このように、同じ刺激の環境に身を置くと、その連続した同系統の刺激に体がマヒしてしまう現象を、ゲシュタルト崩壊と言います。

しかし、ここに「精神の」と付けると、精神的にバランスを欠いている状態を指すことになります。ゲシュタルト心理学では、個の精神をいったんバラバラにしてから人格を再構築していくことにより、精神的に悩んでいる人たちを救う手法が存在します。
この最初の部分では、徹底的に被験者の精神を打ち砕くような言葉を浴びせかけ、精神的なバランスを崩してしまいます。
そうしておいてから、個の持つ特性を再構築していき、その過程で精神的な歪みとなった部分を取り除きながら、再構築の作業を進めていきます。

このように、簡単に説明するだけでも、「難しそうだなぁ。」と思うでしょう。
そして、世の中には、この前半部分だけ、すなわち、自我の崩壊だけを楽しんで行っているネガティブな集団が存在します。
そんな集団の被害に遭った中年の女性が、助けを求めてきたことが有ります。

この当時、私はセルフコントロールの講座を毎月開催していたものですから、人づてに講座の存在を知ったこの女性の友人から、自我が崩されて半狂乱に陥っている人がいるのだが何とかならないという問い合わせが有りました。

この時は、私は「人助け」に燃えていましたので、お会いすることにしました。内容的に非常に興味深いものがあるものの、余りにプライベートな情報を提示しないと理解していただけない部分が有りますので、敢えて割愛しますが、結果的に3回ほど講座に参加して頂いて、元の状態に復することが出来ました。ところが、この結果を良く思わない自我の崩壊をさせた集団が、ネガティブな動きを彼女に与え始めてしまったのです。

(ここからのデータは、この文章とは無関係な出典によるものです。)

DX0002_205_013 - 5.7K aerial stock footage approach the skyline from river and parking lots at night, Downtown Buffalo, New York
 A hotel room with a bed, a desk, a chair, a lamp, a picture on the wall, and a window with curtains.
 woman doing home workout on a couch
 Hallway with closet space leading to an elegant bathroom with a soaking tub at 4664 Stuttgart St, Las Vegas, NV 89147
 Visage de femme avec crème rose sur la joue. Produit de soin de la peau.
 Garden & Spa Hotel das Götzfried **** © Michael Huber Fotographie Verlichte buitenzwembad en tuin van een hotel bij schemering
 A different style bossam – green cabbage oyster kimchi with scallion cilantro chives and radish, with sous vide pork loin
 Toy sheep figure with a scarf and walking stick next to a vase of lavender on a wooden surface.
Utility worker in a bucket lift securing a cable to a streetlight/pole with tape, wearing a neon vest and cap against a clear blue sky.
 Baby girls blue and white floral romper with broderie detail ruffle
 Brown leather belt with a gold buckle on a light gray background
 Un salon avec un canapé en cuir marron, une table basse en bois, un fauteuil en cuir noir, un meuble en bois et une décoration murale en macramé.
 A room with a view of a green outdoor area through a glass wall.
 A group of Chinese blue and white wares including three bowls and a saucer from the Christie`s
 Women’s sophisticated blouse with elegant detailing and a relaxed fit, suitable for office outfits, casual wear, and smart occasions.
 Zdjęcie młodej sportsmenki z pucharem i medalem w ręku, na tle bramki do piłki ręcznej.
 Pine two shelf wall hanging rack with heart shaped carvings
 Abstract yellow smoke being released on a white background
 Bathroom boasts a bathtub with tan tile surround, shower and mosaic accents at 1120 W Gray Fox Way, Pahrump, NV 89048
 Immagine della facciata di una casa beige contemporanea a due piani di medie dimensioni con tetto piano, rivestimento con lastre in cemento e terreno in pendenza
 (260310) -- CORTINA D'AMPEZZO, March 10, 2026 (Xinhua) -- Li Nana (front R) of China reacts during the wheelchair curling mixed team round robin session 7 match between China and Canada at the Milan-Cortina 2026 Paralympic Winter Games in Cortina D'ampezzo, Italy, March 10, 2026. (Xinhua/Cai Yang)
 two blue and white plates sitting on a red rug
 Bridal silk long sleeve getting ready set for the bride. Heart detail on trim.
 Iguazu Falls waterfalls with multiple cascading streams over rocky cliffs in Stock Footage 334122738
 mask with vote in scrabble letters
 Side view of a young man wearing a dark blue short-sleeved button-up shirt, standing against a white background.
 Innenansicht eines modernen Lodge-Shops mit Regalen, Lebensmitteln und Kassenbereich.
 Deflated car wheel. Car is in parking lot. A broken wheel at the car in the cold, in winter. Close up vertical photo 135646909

困った集団ですね。しかし、強い精神的なバリアを張ることなく、この事態を乗り切る方法を彼女には特別に授けたところ、ほどなく攻撃してもまったく効果が出ないことに業を煮やし、この集団はよりアクティブになったかといえばそうはならず、中心となって集団を引っ張ってきたリーダー的存在の信用が失墜し、あえなくバラバラになったというおまけまでつきました。

この伝家の宝刀ともいうべき「乗り切る方法」は、その後数多くの方を救う有力なツールとなりました。